> **TASK PROMPT**: Where the line containing "Letters - Orange sparkly 9mm Italian charms" appears in the records below, begin there and repeat each line exactly through the final one, dropping all pictures.

> **SUPPLIED DATA**:
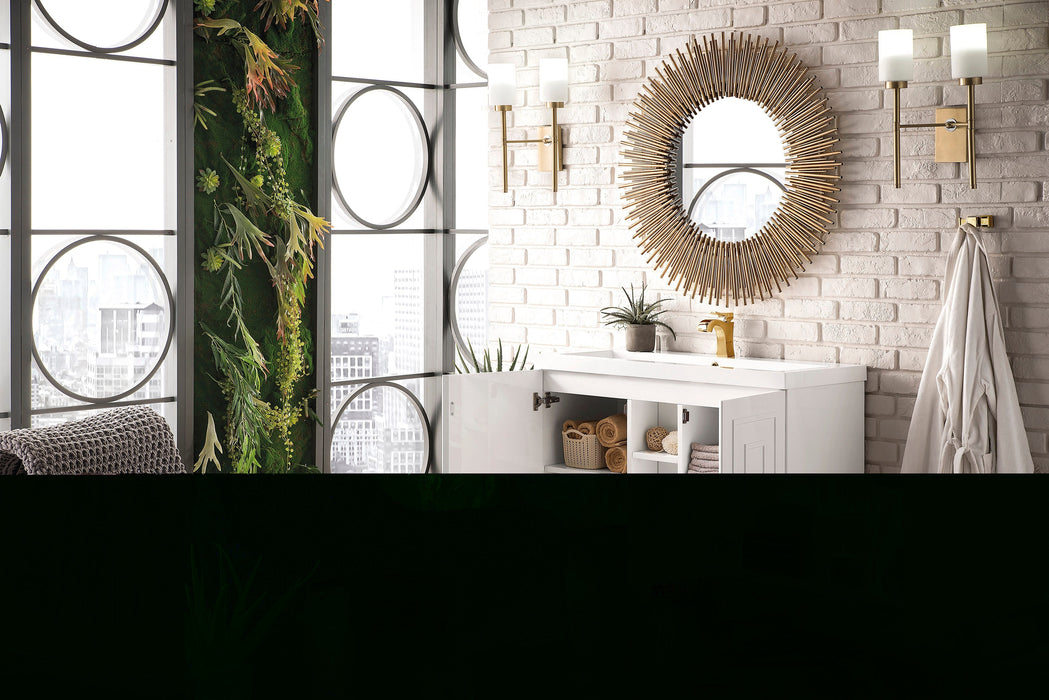 Alicante 39.5" Single Vanity, Glossy White, Radiant Gold w/ White Glossy Composite Stone Top - Luxe Vanity & Tub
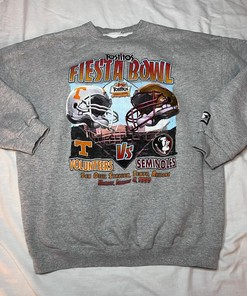 Vintage Style ‘99 Tostitos Fiesta Bowl Tennessee Florida State T-Shirt Sweatshirt Pullover Hoodie Reprinted Full Color Full Size Gift For NCAA Fans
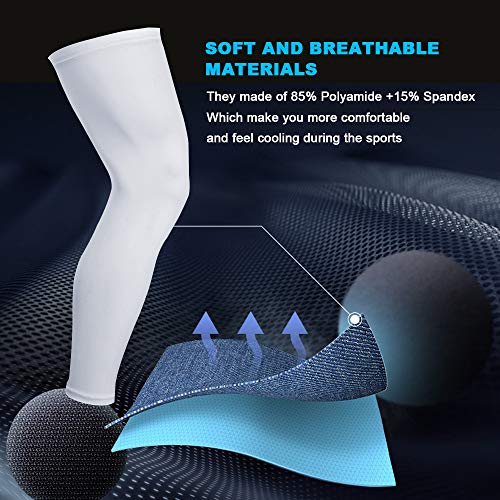 HuiYee Sports Compression UV Long Leg Sleeves for Running Basketball Football Cycling and Other Sports(3 Sizes, 1 Pair)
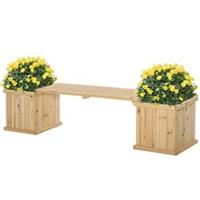 Outsunny Wooden Garden Planter & Bench Combination Garden Raised Bed Natural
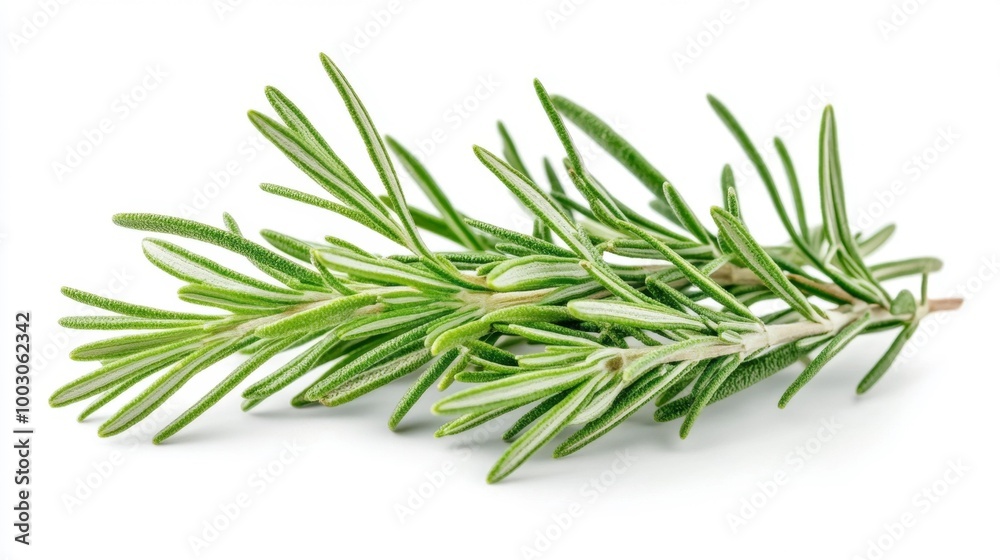 Fresh Rosemary Branch Close-up Generative AI Fresh Rosemary Branch Close-up Generative AI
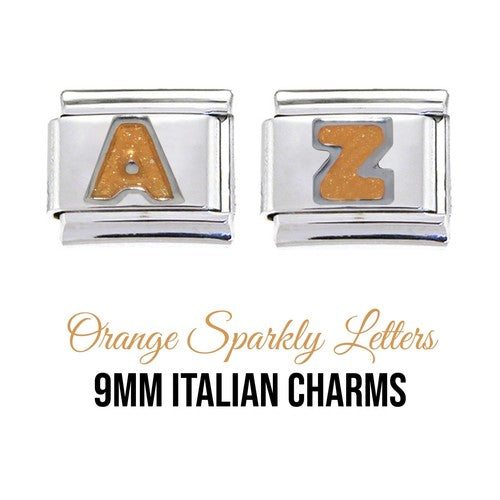 Letters - Orange sparkly 9mm Italian charms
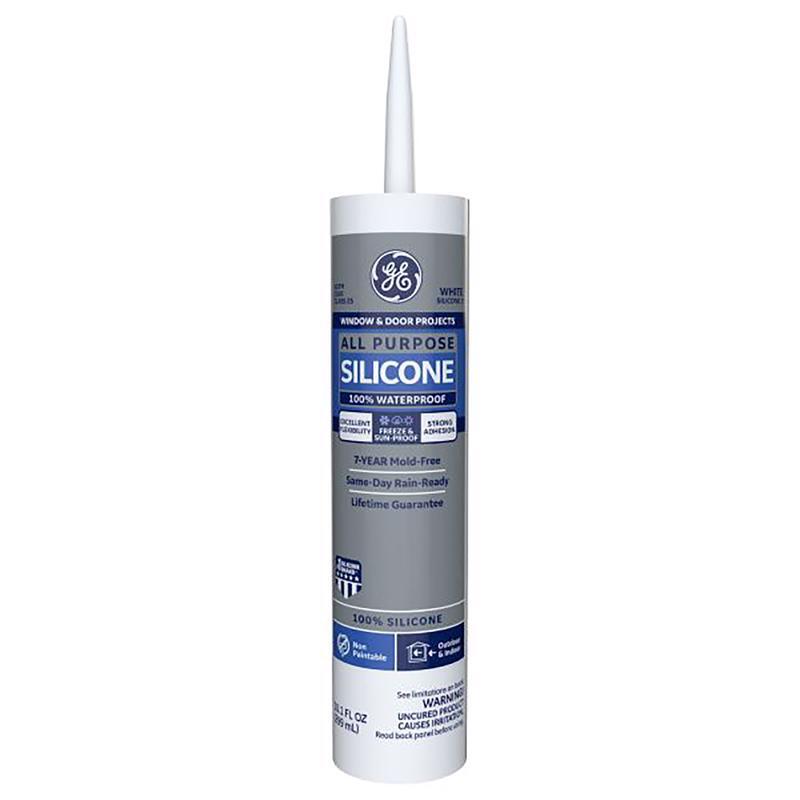 GE 2749483 White Silicone Window & Door Caulk Sealant 10.1 oz. (Pack of 12)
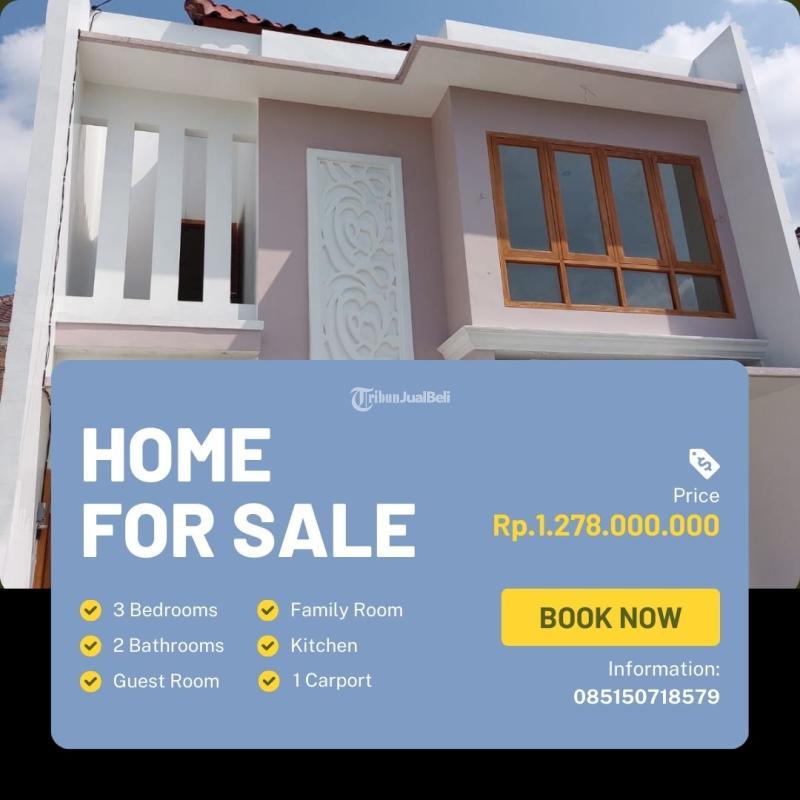 Dijual Rumah Cantik 2 Lantai LT91 LB100 3KT 2KM Legalitas SHM - Bantul Yogyakarta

> **RESPONSE BOX**:
 Letters - Orange sparkly 9mm Italian charms
 GE 2749483 White Silicone Window & Door Caulk Sealant 10.1 oz. (Pack of 12)
 Dijual Rumah Cantik 2 Lantai LT91 LB100 3KT 2KM Legalitas SHM - Bantul Yogyakarta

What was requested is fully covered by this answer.